:: ENTRIES SUPPLIED ::

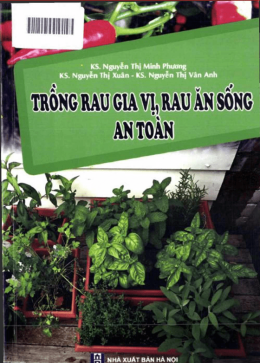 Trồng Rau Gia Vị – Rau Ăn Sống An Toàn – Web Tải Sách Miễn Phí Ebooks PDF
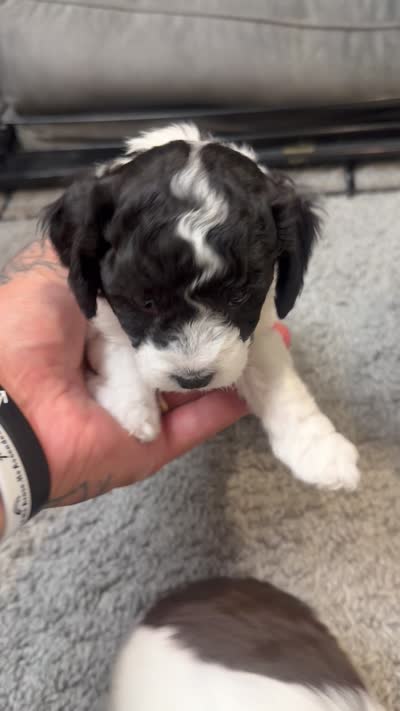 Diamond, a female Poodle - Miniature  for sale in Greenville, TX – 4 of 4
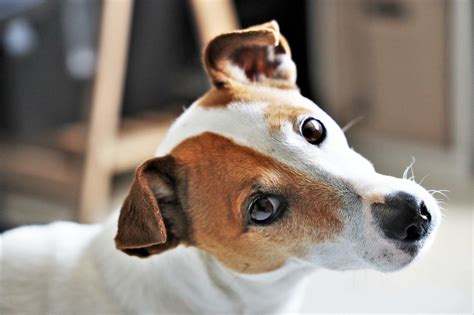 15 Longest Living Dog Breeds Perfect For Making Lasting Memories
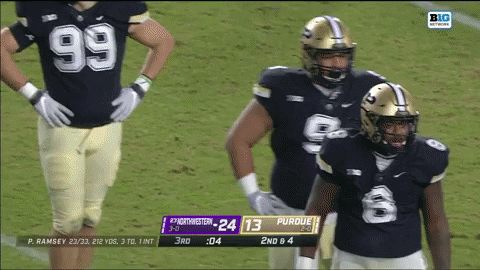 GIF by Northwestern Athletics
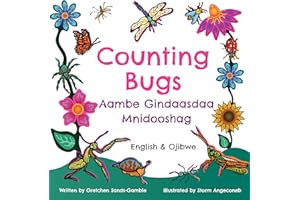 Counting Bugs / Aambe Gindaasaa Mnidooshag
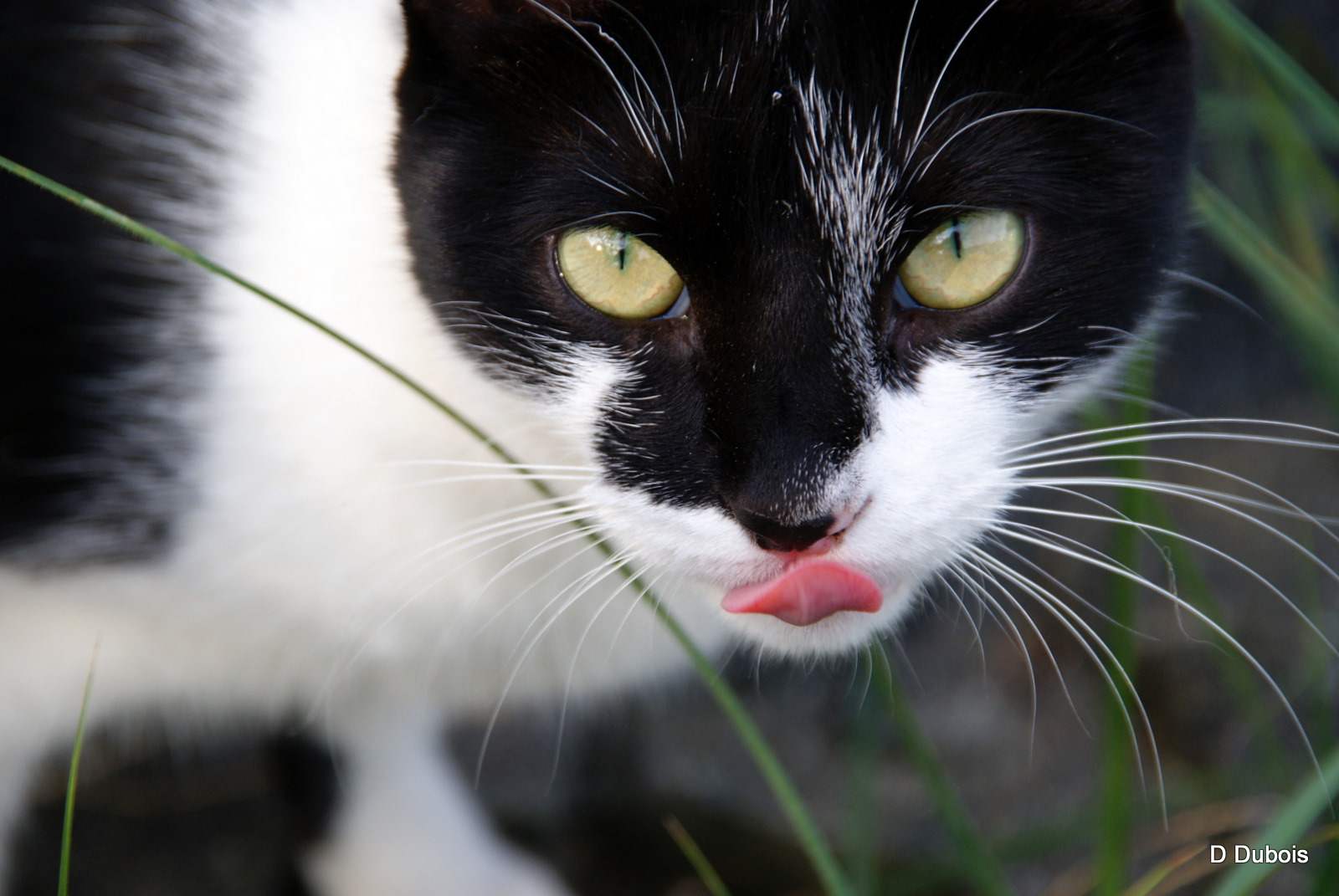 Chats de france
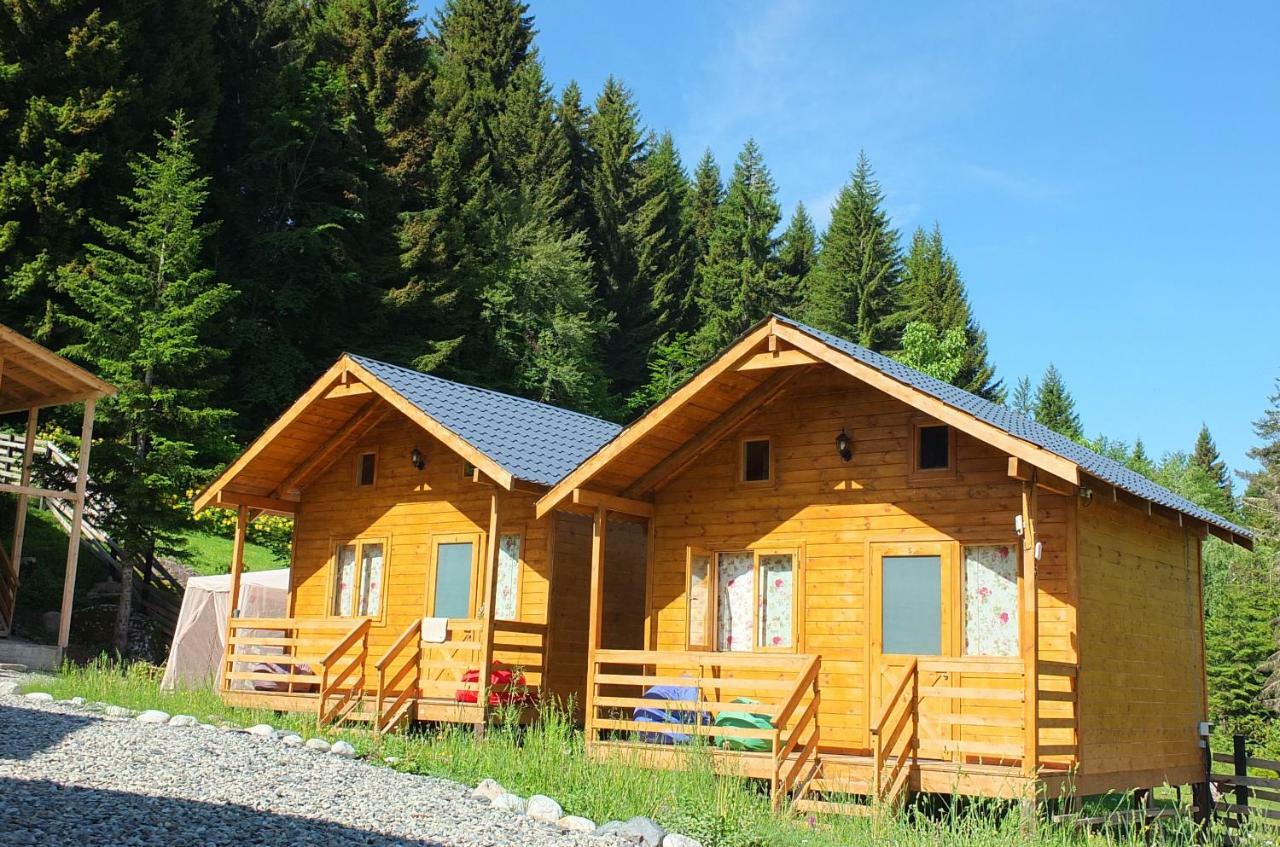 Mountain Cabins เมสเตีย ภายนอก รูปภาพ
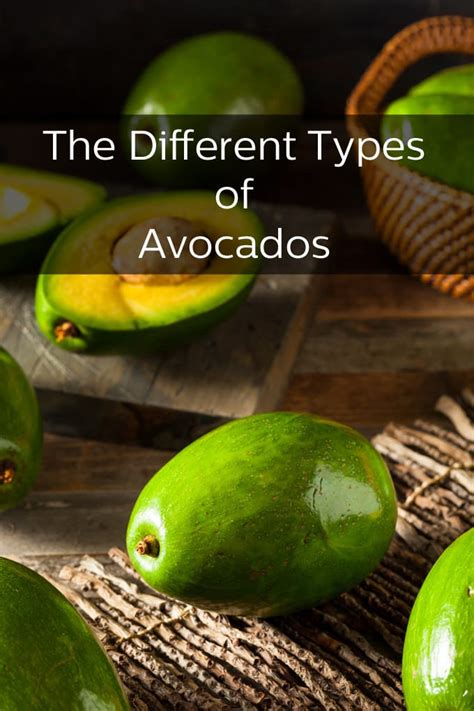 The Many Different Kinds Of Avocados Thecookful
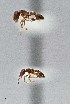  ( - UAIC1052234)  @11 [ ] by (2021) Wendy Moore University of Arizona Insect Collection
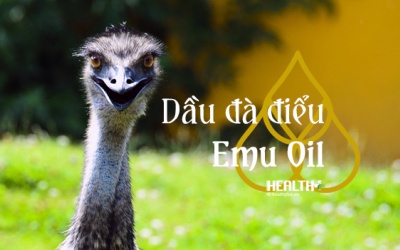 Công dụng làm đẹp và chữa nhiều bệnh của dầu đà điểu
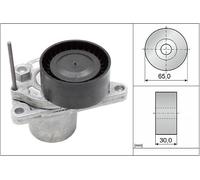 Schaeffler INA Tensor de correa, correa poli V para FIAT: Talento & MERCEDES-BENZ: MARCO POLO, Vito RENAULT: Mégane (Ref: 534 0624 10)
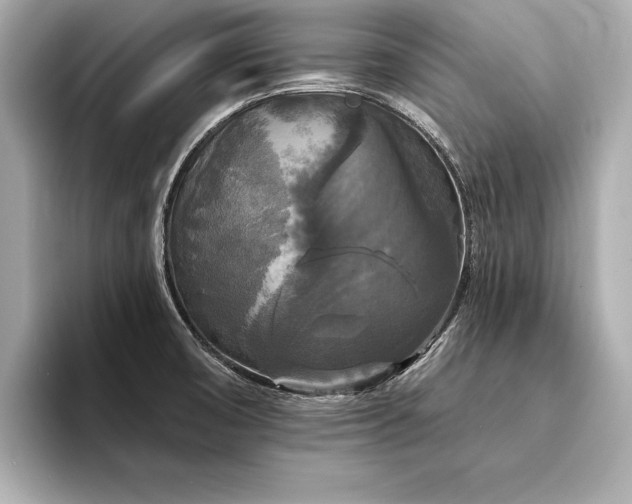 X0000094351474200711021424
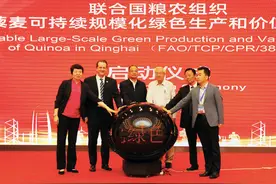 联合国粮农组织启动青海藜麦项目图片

:: EXERCISE OBJECTIVE ::
The copy should hold exactly the lines above from the one with "Diamond, a female" through the one with "Mountain Cabins เมสเตีย ภายนอก รูปภาพ", both ends counted, and no pictures at all.

:: EXERCISE ANSWER ::
 Diamond, a female Poodle - Miniature  for sale in Greenville, TX – 4 of 4
 15 Longest Living Dog Breeds Perfect For Making Lasting Memories
 GIF by Northwestern Athletics
 Counting Bugs / Aambe Gindaasaa Mnidooshag
 Chats de france
 Mountain Cabins เมสเตีย ภายนอก รูปภาพ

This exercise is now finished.